# Apache Beam - Flatten

`Flatten` takes multiple `PCollection`s that contain the same element types and returns a single `PCollection` with all the elements aggregated together.  While the following diagram shows two PCollections, an arbitrary number can be flattened together.

![Beam-2.png](attachment:Beam-2.png)


* [JavaDoc: Class Flatten](https://beam.apache.org/releases/javadoc/2.42.0/org/apache/beam/sdk/transforms/Flatten.html)

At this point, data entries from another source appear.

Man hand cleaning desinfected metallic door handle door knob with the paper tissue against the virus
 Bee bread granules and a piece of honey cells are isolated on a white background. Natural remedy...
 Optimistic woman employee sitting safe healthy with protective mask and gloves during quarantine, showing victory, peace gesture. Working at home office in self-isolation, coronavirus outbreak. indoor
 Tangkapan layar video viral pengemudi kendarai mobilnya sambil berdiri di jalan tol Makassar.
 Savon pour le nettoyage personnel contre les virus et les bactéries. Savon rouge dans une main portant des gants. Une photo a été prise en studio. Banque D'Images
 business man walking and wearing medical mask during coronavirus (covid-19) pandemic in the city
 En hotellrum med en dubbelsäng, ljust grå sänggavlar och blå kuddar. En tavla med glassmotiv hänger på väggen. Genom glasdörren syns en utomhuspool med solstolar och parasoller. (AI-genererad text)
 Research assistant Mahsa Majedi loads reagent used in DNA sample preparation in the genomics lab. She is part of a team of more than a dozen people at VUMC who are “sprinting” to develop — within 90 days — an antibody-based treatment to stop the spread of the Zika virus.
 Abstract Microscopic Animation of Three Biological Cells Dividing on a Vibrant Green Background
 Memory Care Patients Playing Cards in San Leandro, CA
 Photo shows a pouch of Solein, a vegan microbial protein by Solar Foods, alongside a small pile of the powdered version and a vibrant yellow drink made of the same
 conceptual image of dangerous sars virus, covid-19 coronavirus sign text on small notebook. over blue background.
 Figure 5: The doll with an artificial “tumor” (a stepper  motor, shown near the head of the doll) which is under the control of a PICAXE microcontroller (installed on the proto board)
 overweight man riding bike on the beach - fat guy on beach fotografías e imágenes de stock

First, we define the dependencies that we wish to load from the Maven repositories.

In [1]:
%%loadFromPOM

<dependency>
  <groupId>org.apache.beam</groupId>
  <artifactId>beam-sdks-java-core</artifactId>
  <version>2.40.0</version>
</dependency>

<dependency>
  <groupId>org.apache.beam</groupId>
  <artifactId>beam-runners-direct-java</artifactId>
  <version>2.40.0</version>
  <scope>runtime</scope>
</dependency>

<dependency>
  <groupId>org.slf4j</groupId>
  <artifactId>slf4j-api</artifactId>
  <version>2.0.6</version>
</dependency>

Next we define our imports required for execution.

In [7]:
import java.util.Arrays;
import java.util.List;

import org.apache.beam.sdk.Pipeline;
import org.apache.beam.sdk.options.Default;
import org.apache.beam.sdk.options.Description;
import org.apache.beam.sdk.options.PipelineOptionsFactory;
import org.apache.beam.sdk.options.PipelineOptions;
import org.apache.beam.sdk.options.StreamingOptions;
import org.apache.beam.sdk.transforms.Create;
import org.apache.beam.sdk.transforms.GroupByKey;
import org.apache.beam.sdk.values.PCollection;
import org.apache.beam.sdk.transforms.DoFn;
import org.apache.beam.sdk.transforms.ParDo;
import org.apache.beam.sdk.coders.KvCoder;
import org.apache.beam.sdk.coders.StringUtf8Coder;
import org.apache.beam.sdk.values.KV;
import org.apache.beam.sdk.values.PDone;
import org.apache.beam.sdk.values.TupleTag;
import org.apache.beam.sdk.transforms.join.CoGbkResult;
import org.apache.beam.sdk.transforms.join.KeyedPCollectionTuple;
import org.apache.beam.sdk.transforms.join.CoGroupByKey;
import org.apache.beam.sdk.transforms.Combine.CombineFn;
import org.apache.beam.sdk.transforms.Combine;
import org.apache.beam.sdk.transforms.SerializableFunction;
import org.apache.beam.sdk.transforms.Sum;
import org.apache.beam.sdk.transforms.Flatten;
import org.apache.beam.sdk.values.PCollectionList;

String args[] = new String[] {};
var options = PipelineOptionsFactory.fromArgs(args).withValidation().create();

Here is a Flatten that takes three PCollections and flattens them into one:

In [9]:
public class LoggingDoFn<T> extends DoFn<T, T>  {
  @ProcessElement
  public void processElement(
    @Element T element,
    OutputReceiver<T> out) {
    System.out.println(element);
    out.output(element);
  }
}

var pipeline = Pipeline.create(options);
var pc1 = pipeline.apply("Create elements", Create.of(1,2,3));
var pc2 = pipeline.apply("Create elements", Create.of(4,5,6));
var pc3 = pipeline.apply("Create elements", Create.of(7,8));
var pcList = PCollectionList.of(pc1).and(pc2).and(pc3);
pcList
  .apply(Flatten.pCollections())  
  .apply("Print elements", ParDo.of(new LoggingDoFn()));
  
pipeline.run().waitUntilFinish();

5
4
7
1
6
2
3
8


DONE